Destin Jenkins is the Neubauer Family Assistant Professor of History at the University of Chicago. His research interests include urban history, twentieth-century African American history, and crime and punishment. He is the author of The Bonds of Inequality: Debt and the Making of the American City (The University of Chicago Press, forthcoming).
Ryan Cecil Jobson is the Neubauer Family Assistant Professor of Anthropology at the University of Chicago. His research engages questions of sovereignty and extractive resource development in the colonial and postcolonial Americas. He is at work on his first book manuscript, a historical ethnography of the Caribbean petrostate of Trinidad and Tobago.

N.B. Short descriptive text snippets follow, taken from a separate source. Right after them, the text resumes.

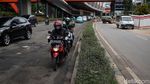 Awas! Banyak Lubang di Jalan Rasuna Said
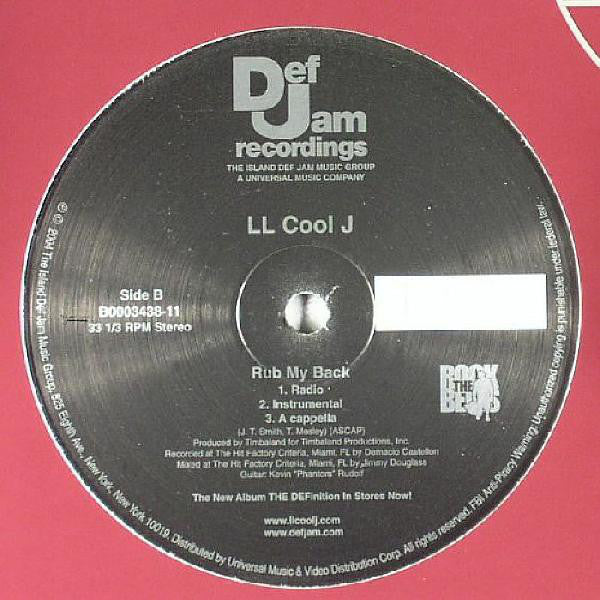 LL Cool J : Hush (12")
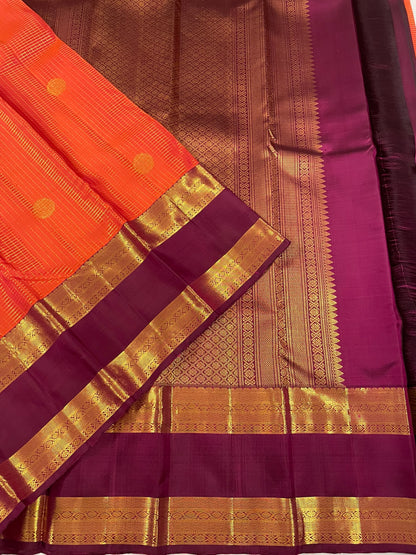 Kanchivaram Silk SBF30E5-3 By SRISHTA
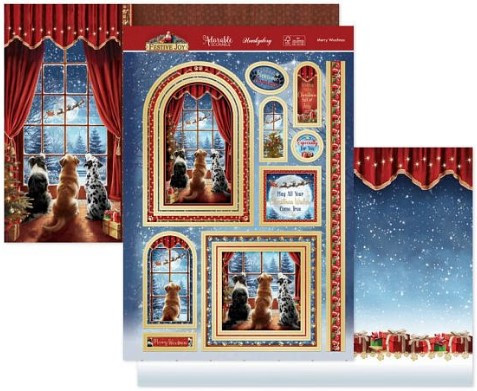 Hunkydory Crafts Festive Joy Luxury Topper Collection CLASSIC25-101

Manu Karuka is an assistant professor of American studies at Barnard College. He is the author of Indigenous Nations, Chinese Workers, and the Transcontinental Railroad (University of California Press, 2019). He is also co-editor of Futures Held Hostage: Confronting US Hybrid Wars and Sanction in Venezuela (Pluto Press, 2020) and co-editor of The Sun Never Sets: South Asian Migrants in an Age of U.S. Power (New York University Press, 2013).
Mishal Khan is a postdoctoral fellow at the Bernard and Audre Rapoport Center for Human Rights and Justice at The University of Texas at Austin, after completing her PhD in Sociology at the University of Chicago. Her work examines slavery and abolition in South Asia and the wider British Empire, linking these histories to the emergence of global legal labor regimes during the twentieth century.

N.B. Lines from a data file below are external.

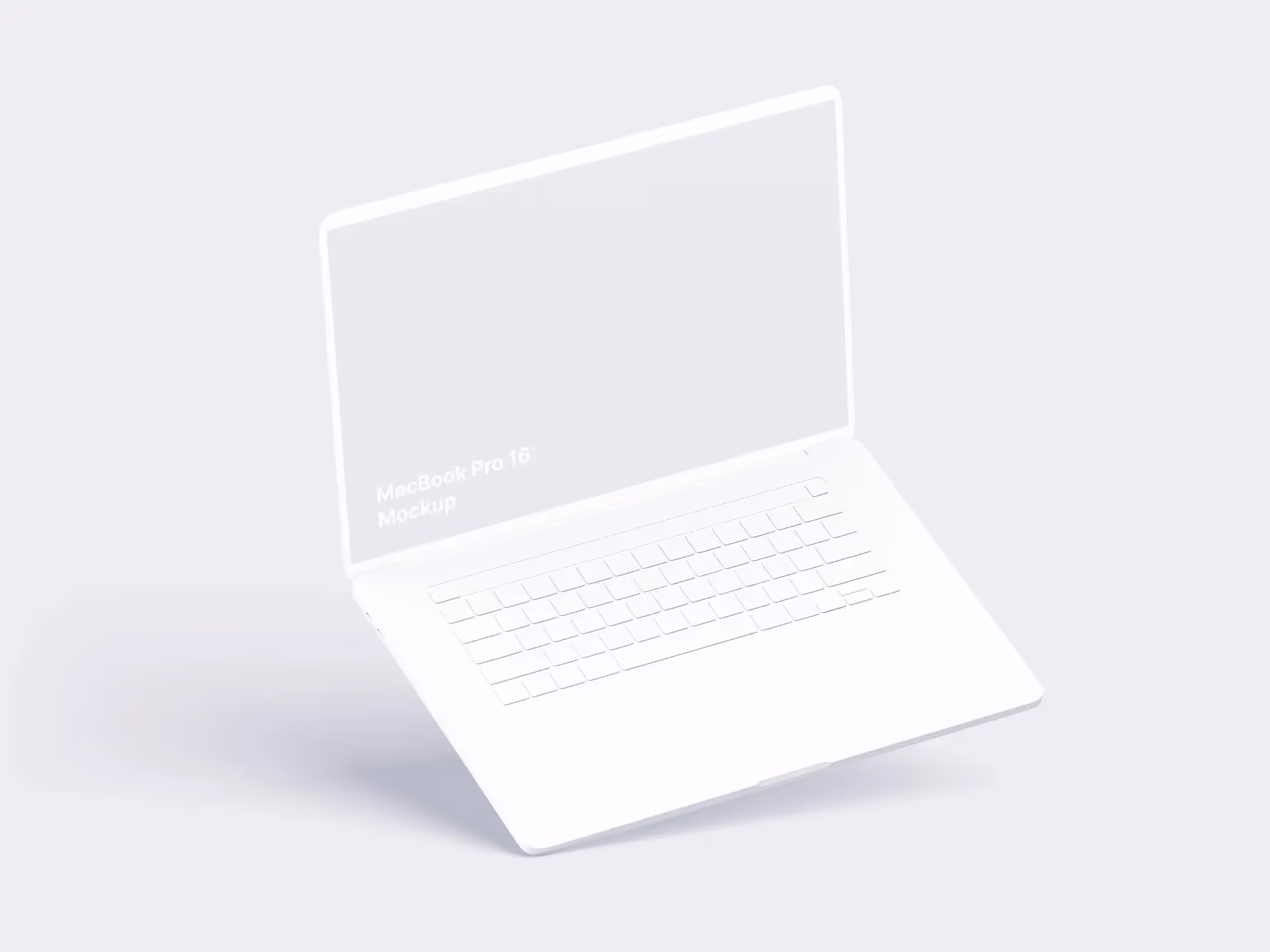 MacBook Pro 16'' Mockups | Professional Template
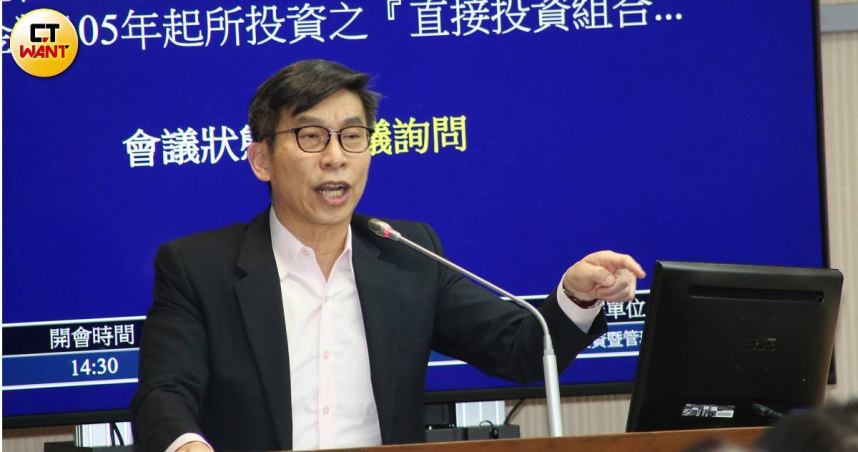 立委鍾佳濱表示，經濟部曾預估台灣用電量到2030年將會成長13%，主要的用電需求都是來自北部。（圖／黃鵬杰攝）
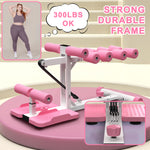 Deep Squat Machine For Home-Glutes Trainer Machine With Resistance Bands Squat Assist Trainer For Core & Legs Workout Ideal For Home Gym, Apartment & Office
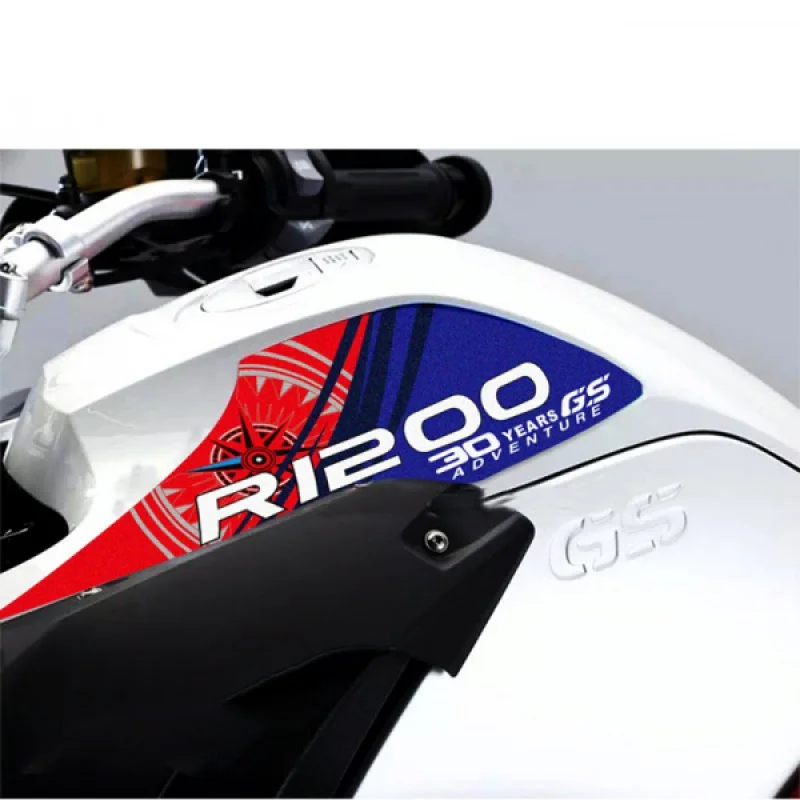 

For BMW R1200GS ADV 2013-2016Years 30Anniversary Fuel Tank Side Stickers Side Screen Protector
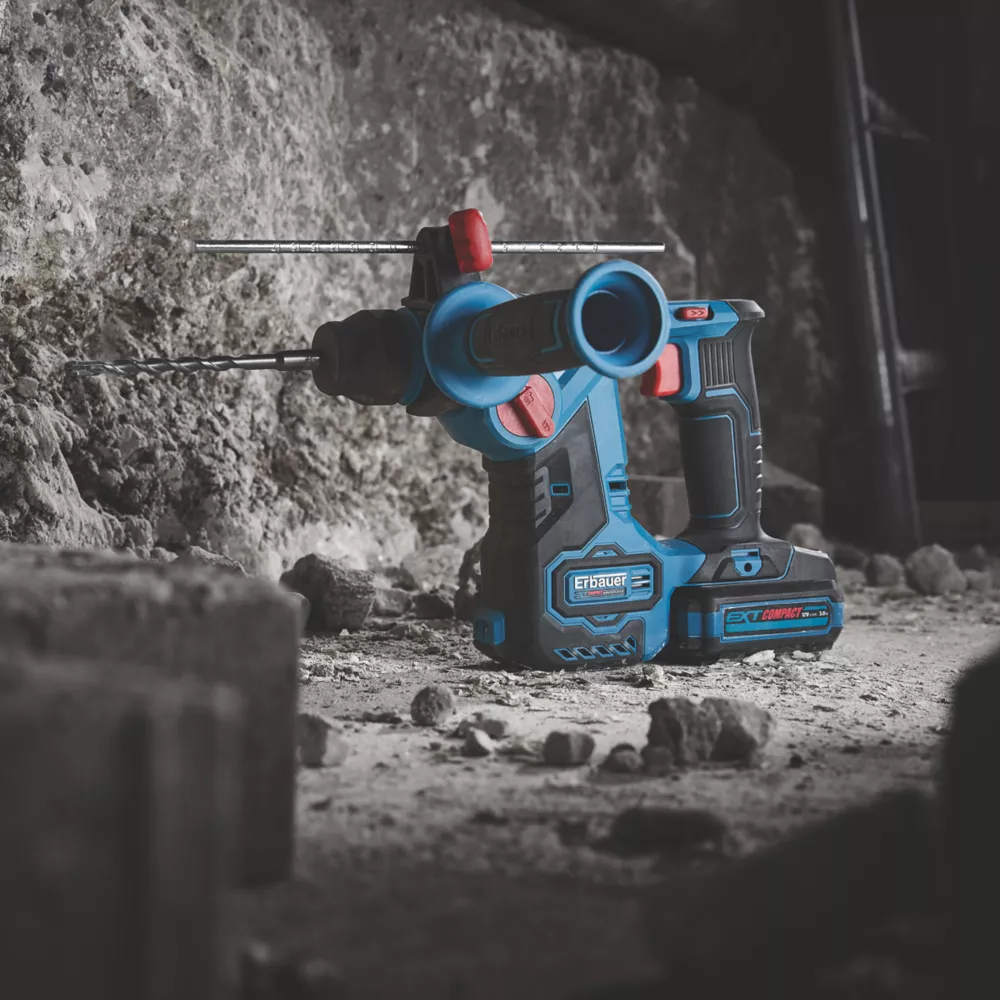 Erbauer ERH12-Li 1.7kg 12V Li-Ion EXT Brushless Cordless SDS Hammer Drill - Bare 6 Erbauer ERH12-Li 1.7kg 12V Li-Ion EXT Brushless Cordless SDS Hammer Drill - Bare - Image 4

Justin Leroy is an assistant professor of history at the University of California, Davis. His research focuses on the intellectual history of the U.S. and Atlantic world, and the problem of slavery and empire in the nineteenth century. He is the author of The Lowest Freedom: Slave Emancipation, Racial Capitalism, and the Black Radical Tradition (Columbia University Press, forthcoming).

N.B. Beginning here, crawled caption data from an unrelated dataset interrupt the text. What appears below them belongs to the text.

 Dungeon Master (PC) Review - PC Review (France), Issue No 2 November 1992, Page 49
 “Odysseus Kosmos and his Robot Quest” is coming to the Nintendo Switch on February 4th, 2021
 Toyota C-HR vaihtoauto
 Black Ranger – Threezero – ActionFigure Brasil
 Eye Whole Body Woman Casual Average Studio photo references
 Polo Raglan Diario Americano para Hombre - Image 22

Allan E. S. Lumba is an assistant professor of history at Virginia Tech. His work explores the intersections between race, sovereignty, and capitalism in the U.S. Pacific empire and the Philippine colony. He is the author of Monetary Authorities: Capitalism and Decolonization in the American Colonial Philippines (forthcoming).
K-Sue Park is an associate professor of law at Georgetown University Law Center. Her work examines the creation of the American real estate system through the history of colonization. Her publications have appeared in the Harvard Law Review, The University of Chicago Law Review, The History of the Present, Law & Social Inquiry, Law & Society Inquiry, and the New York Times.
Pedro Regalado is a Junior Fellow of the Society of Fellows at Harvard University. He researches the history of race, Latinx immigration, and capitalism in American cities. His forthcoming book examines the history of twentieth century New York through the lens of Latinx workers in the city’s rapidly evolving industries, recuperating Latinx residents as active agents in the remaking of the city’s economy and landscape.
Shauna J. Sweeney is an assistant professor of women’s and gender studies and history at the University of Toronto. Her work focuses on early modern political economy, transnational feminisms, and slavery and freedom in the Atlantic world. She is the author of A Free Enterprise: Market Women, Insurgent Economies and the Making of Caribbean Freedom (forthcoming).